Cam-control is only available in 64-bit version, which in most cases means that you must install 64-bit versions of the software described above.


It is strongly recommended that you install the manufacturer software (especially Andor Solis and ThorCam) into their default locations. Otherwise, cam-control might not be able to find the required DLLs and communicate with the cameras. In this case, you would need to specify the location of the necessary DLLs in the settings file.

In most cases, you already have the necessary software installed to communicate with the cameras to begin with. As a rule of thumb, if you can open the camera in the manufacturer-supplied software, you can open it in the cam-control as well.

In rare cases you might also need to install Microsoft Visual C++ Redistributable Package. You can obtain it on the Microsoft website.

Specifying camera files

Cameras using NI-IMAQ frame grabbers also need the correct .icd camera file for the connected camera, which describes the communication protocol details, sensor size, possible bit depths, etc. Some of the common camera files are already provided when you install Vision Acquisition Software, others need to be obtained from the manufacturer. To specify them, follow the following steps:

  1. If you are using a manufacturer-provided file, copy it into the NI-IMAQ camera file storage. By default it is located at C:\Users\Public\Documents\National Instruments\NI-IMAQ\Data (the folder should already exist and have many .icd files).

  2. Run NI MAX, and there find the camera entry in Devices and Interfaces -> NI-IMAQ Devices -> img<n>: <Frame grabber name> (e.g., img0: NI PCIe-1433) -> Channel <n> (0 for single-channel frame grabbers).

  3. Right-click on the camera entry and there select Camera -> <Manufacturer> -> <Camera model corresponding to the file>.

PhotonFocus provides camera files with PFRemote, and they can be found in <Photon Focus folder>\PFRemote\fg_files. There are several files with names like pfFg_ni_2tap_8bit.icd, which should be selected based on the desired bit depth (usually 12 bit is preferable, if it is available for your camera) and the number of CameraLink taps (specified in the technical specification found in the camera manual; e.g., MV1-D1024E-160-CL has 2 taps). After specifying the file, you need to also specify the camera pixel depth using PFRemote. The correct setting is located at Data Output -> Output Mode -> Resolution.

General layout


The window is split into two parts. The left half shows the images, possibly with several tabs to show several different kinds of images (e.g., if filters are used). The right half controls data saving, shows camera status (in the middle column), and has additional controls for camera, on-line processing, or additional plugins (rightmost column).

The acquisition is started by pressing Start acquisition button.

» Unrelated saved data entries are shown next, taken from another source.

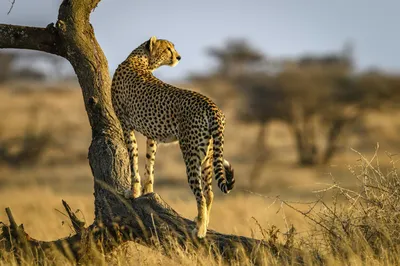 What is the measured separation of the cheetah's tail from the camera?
537 centimetres

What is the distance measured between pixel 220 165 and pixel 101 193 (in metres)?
1.01

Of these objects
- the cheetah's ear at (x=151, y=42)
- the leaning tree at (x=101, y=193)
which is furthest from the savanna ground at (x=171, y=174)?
the cheetah's ear at (x=151, y=42)

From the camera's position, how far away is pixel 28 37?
20.2ft

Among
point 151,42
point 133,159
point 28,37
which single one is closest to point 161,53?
point 151,42

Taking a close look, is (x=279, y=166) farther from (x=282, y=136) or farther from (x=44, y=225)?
(x=44, y=225)

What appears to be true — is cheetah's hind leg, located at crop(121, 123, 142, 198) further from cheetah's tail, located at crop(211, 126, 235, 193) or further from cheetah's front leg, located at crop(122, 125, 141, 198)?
cheetah's tail, located at crop(211, 126, 235, 193)

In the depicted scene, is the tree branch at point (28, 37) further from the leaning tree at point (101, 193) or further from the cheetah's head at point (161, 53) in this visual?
the cheetah's head at point (161, 53)

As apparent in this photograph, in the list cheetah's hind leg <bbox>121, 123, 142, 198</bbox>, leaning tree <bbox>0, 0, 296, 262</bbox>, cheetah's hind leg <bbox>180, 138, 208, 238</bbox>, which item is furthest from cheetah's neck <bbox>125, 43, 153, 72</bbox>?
cheetah's hind leg <bbox>180, 138, 208, 238</bbox>

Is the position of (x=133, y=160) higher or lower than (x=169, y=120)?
lower

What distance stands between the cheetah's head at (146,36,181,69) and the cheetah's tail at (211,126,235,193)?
1354 mm

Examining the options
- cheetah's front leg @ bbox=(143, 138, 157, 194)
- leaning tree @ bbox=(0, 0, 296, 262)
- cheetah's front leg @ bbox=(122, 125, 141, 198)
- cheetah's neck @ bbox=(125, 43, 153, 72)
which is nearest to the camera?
leaning tree @ bbox=(0, 0, 296, 262)

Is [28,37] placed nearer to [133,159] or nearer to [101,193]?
[133,159]

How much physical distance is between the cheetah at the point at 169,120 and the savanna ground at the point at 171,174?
60 centimetres

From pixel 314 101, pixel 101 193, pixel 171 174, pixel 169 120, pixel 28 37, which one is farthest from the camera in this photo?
pixel 314 101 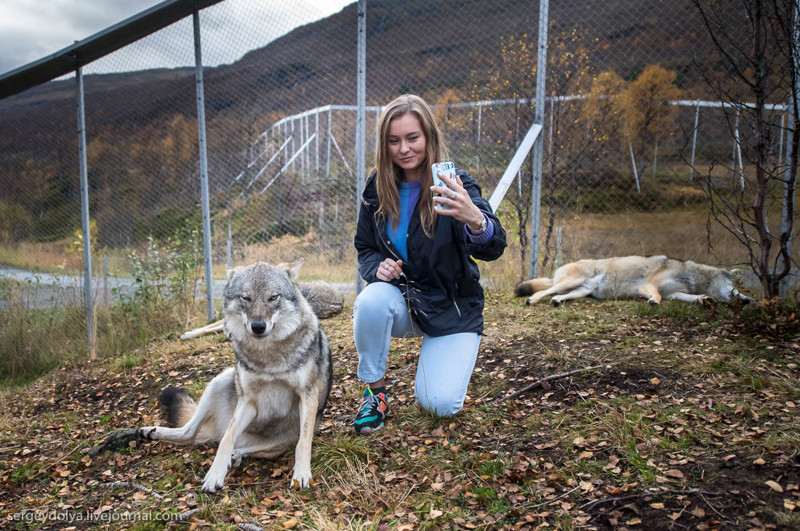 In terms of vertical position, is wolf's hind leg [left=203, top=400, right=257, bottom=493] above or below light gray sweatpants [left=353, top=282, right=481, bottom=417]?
below

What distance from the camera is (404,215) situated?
3.35 metres

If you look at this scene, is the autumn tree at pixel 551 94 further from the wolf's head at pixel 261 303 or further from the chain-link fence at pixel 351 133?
the wolf's head at pixel 261 303

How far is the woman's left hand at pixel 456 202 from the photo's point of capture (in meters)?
2.74

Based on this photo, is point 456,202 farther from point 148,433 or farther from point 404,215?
point 148,433

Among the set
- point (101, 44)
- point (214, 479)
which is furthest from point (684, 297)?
point (101, 44)

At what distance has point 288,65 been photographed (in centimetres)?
655

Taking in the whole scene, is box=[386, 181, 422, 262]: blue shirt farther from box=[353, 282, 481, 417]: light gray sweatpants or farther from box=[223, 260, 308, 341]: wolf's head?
box=[223, 260, 308, 341]: wolf's head

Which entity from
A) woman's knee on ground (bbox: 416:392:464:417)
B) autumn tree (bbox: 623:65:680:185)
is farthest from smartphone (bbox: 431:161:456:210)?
autumn tree (bbox: 623:65:680:185)

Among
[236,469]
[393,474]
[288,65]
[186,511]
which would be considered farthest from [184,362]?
[288,65]

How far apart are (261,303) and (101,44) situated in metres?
5.24

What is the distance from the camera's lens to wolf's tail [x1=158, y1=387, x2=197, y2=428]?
11.2ft

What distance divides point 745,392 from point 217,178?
6952 mm

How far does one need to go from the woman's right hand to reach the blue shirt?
0.54 feet

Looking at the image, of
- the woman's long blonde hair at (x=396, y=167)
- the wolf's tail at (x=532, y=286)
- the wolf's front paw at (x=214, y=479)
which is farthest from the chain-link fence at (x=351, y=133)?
the wolf's front paw at (x=214, y=479) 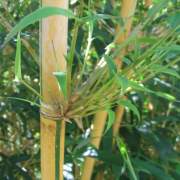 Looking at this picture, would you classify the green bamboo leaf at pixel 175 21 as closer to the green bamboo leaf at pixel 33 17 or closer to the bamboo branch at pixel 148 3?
the green bamboo leaf at pixel 33 17

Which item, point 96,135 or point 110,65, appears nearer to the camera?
point 110,65

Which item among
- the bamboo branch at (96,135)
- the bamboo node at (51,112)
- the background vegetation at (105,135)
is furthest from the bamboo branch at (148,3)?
the bamboo node at (51,112)

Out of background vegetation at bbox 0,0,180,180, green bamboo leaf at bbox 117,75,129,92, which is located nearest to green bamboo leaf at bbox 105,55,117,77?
green bamboo leaf at bbox 117,75,129,92

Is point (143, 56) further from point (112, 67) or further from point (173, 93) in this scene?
point (173, 93)

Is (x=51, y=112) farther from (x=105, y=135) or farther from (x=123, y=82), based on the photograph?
(x=105, y=135)

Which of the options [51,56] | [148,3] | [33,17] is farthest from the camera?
[148,3]

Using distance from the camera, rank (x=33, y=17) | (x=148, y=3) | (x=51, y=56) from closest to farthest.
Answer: (x=33, y=17) → (x=51, y=56) → (x=148, y=3)

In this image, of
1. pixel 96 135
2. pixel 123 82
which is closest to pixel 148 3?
pixel 96 135

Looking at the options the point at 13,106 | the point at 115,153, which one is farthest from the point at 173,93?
the point at 13,106

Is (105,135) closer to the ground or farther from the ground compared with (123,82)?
closer to the ground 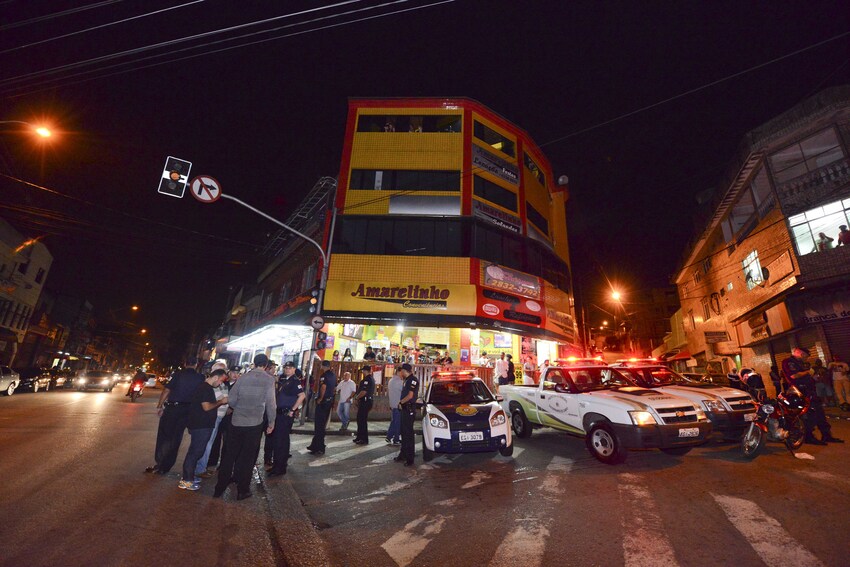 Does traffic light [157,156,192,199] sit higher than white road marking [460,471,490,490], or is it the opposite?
traffic light [157,156,192,199]

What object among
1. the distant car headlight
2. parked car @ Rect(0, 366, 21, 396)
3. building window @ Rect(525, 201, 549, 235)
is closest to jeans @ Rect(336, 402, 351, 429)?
the distant car headlight

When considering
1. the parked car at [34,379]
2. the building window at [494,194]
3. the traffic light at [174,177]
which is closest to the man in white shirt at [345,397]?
the traffic light at [174,177]

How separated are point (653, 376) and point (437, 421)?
19.3ft

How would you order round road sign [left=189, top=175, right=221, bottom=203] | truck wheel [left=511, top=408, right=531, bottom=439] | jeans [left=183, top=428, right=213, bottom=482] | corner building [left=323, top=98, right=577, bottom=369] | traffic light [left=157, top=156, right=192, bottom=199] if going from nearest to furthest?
Result: 1. jeans [left=183, top=428, right=213, bottom=482]
2. traffic light [left=157, top=156, right=192, bottom=199]
3. truck wheel [left=511, top=408, right=531, bottom=439]
4. round road sign [left=189, top=175, right=221, bottom=203]
5. corner building [left=323, top=98, right=577, bottom=369]

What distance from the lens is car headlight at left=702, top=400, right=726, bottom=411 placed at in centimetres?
691

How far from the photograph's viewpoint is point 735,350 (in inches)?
910

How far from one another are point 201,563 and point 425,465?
4421 mm

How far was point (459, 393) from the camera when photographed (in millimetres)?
8078

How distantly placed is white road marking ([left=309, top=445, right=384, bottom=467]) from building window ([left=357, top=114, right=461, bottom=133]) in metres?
19.0

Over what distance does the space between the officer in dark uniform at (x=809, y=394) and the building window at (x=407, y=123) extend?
19075 mm

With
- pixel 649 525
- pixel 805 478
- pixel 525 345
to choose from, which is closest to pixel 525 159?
pixel 525 345

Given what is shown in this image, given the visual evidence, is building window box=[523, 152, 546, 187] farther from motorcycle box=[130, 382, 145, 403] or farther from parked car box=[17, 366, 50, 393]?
parked car box=[17, 366, 50, 393]

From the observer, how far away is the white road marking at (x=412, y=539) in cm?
342

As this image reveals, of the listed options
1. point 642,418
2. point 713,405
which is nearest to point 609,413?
point 642,418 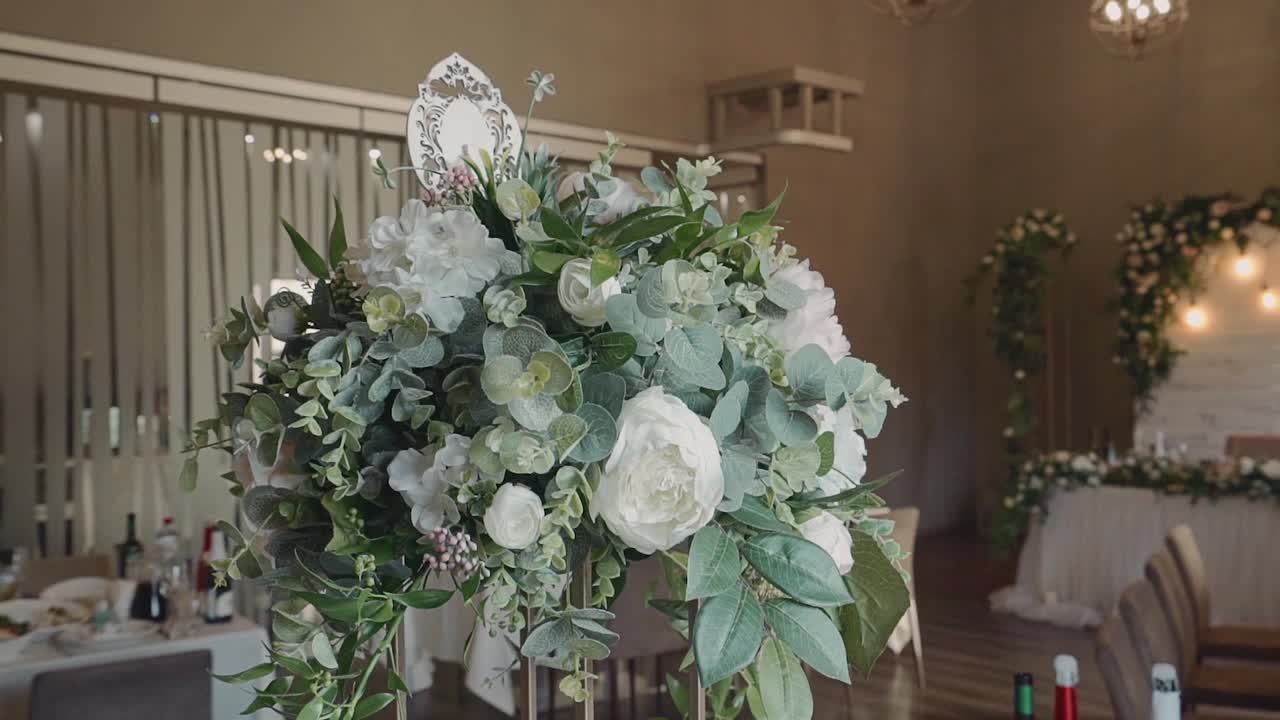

Note that you might need to adjust camera parameters (e.g., specify exposure, ROI, binning, pixel readout rate) to get reasonable image quality and performance.

All of the entered values are automatically saved on exit and restored on the next restart. It is also possible to save the settings to a file and load them later, which is helpful for working in several different regimes.

You can find more information either on the interface page, or in the built-in tutorial.


In case the interface takes too much space and does not fit in the screen, you can enable the compact mode in the preferences.

The software uses a dark color theme by default. You can change it in the preferences.